Researchers at Chinese smartphone giant Xiaomi describe a solution to the exposure dilemma in a new paper (“DeepExposure: Learning to Expose Photos with Asynchronously Reinforced Adversarial Learning“) accepted at NeurIPS 2018 in Montreal. In it, they describe an AI system capable of segmenting an image into multiple “sub-images,” each associated with a local exposure, that it subsequently uses to retouch the original input photo.

“The accurate exposure is the key of capturing high-quality photos in computational photography, especially for mobile phones that are limited by sizes of camera modules,” the researchers wrote. “Inspired by luminosity masks usually applied by professional photographers, in this paper, we develop a novel algorithm for learning local exposures with deep reinforcement adversarial learning.”

The AI pipeline — dubbed DeepExposure — kicks things off with image segmentation. Next comes an “action-generating” stage during which the input low-resolution, sub-images, and direct fusion of the images are concatenated and processed by a policy network that computes each’s local and global exposures. After the images pass through local and global value filters, the model completes a finishing step in which a value function evaluates the overall quality. Finally, the sub-images are blended together with the input image.

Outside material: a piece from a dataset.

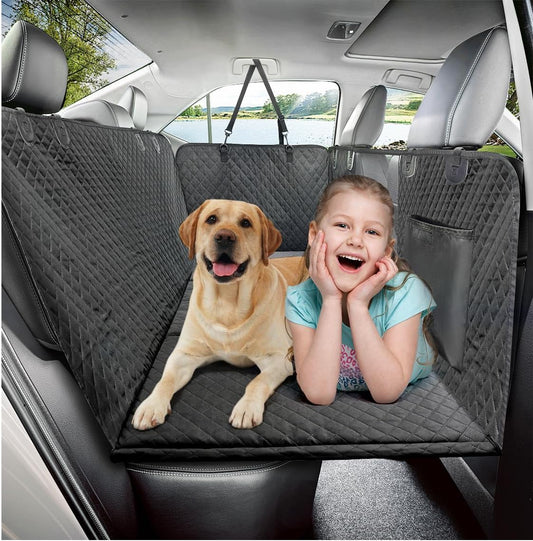 Dog Car Seat Hammock Cover with Hard Bottom & Mesh Window – Waterproof Bed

The neural networks at play here are of the generative adversarial network (GAN) variety. Broadly speaking, GANs are two-part neural networks consisting of generators that produce samples and discriminators that attempt to distinguish between the generated samples and real-world samples. To train the discriminator, the researchers randomly chose small batches of machine-retouched and expert-retouched photos; the contrast, illumination, and saturation features are extracted and concatenated with the RGB image to form an input.

They “taught” the AI system in Google’s TensorFlow framework on a Nvidia P40 Tesla GPU, and their corpus of choice was MIT-Adobe FiveK, a dataset containing 5,000 RAW photos — i.e., files with minimally processed data from the image sensor — and corresponding retouched ones edited by five experts for each photo. Specifically, they used 2,000 unretouched images, 2,000 retouched images, and 1,000 RAW images for testing.

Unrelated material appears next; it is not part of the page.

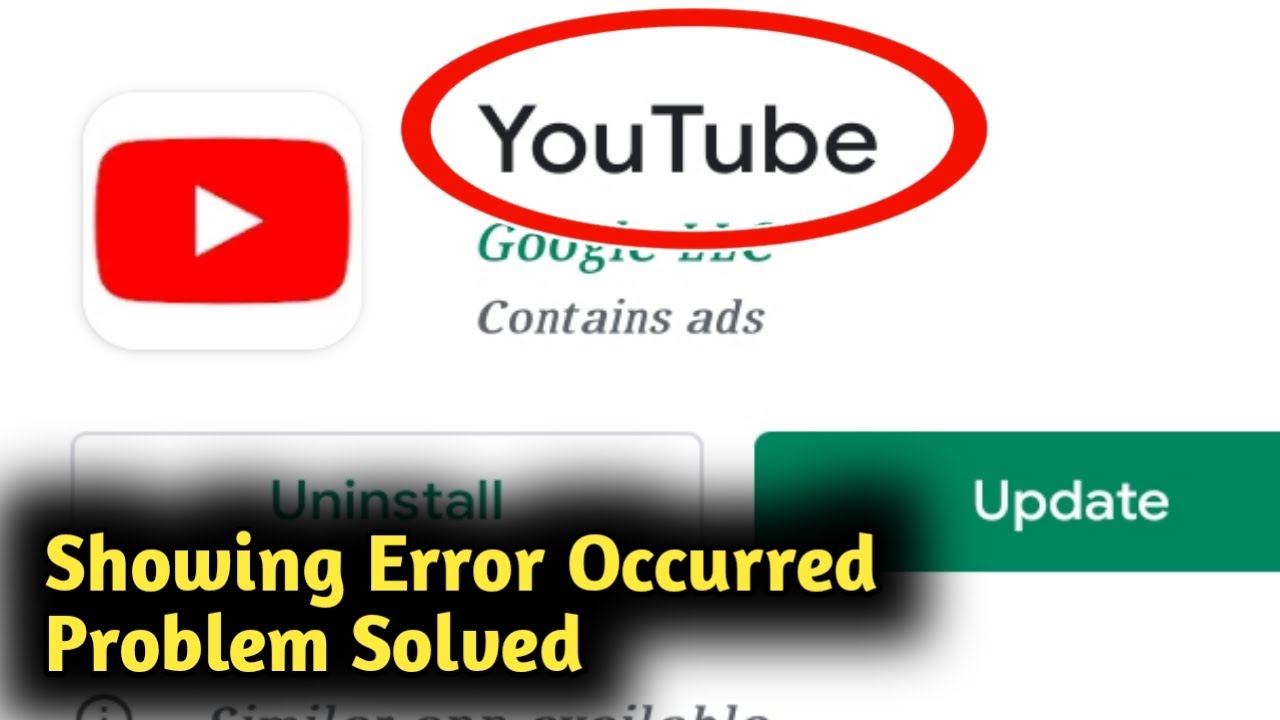 Fix Youtube Showing Error Occurred Problem Solved Youtube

DeepExposure outperformed state-of-the-art algorithms in key metrics, managing to consistently restore most details and styles in original images while enhancing brightness and colors.

“[Our] method bridges deep-learning methods and traditional methods of filtering: Deep-learning methods serve to learn parameters of filters, which makes more precise filtering of traditional methods,” the team wrote. “And traditional methods reduce the training time of deep-learning methods because filtering pixels is much faster than generating pixels with neural networks.”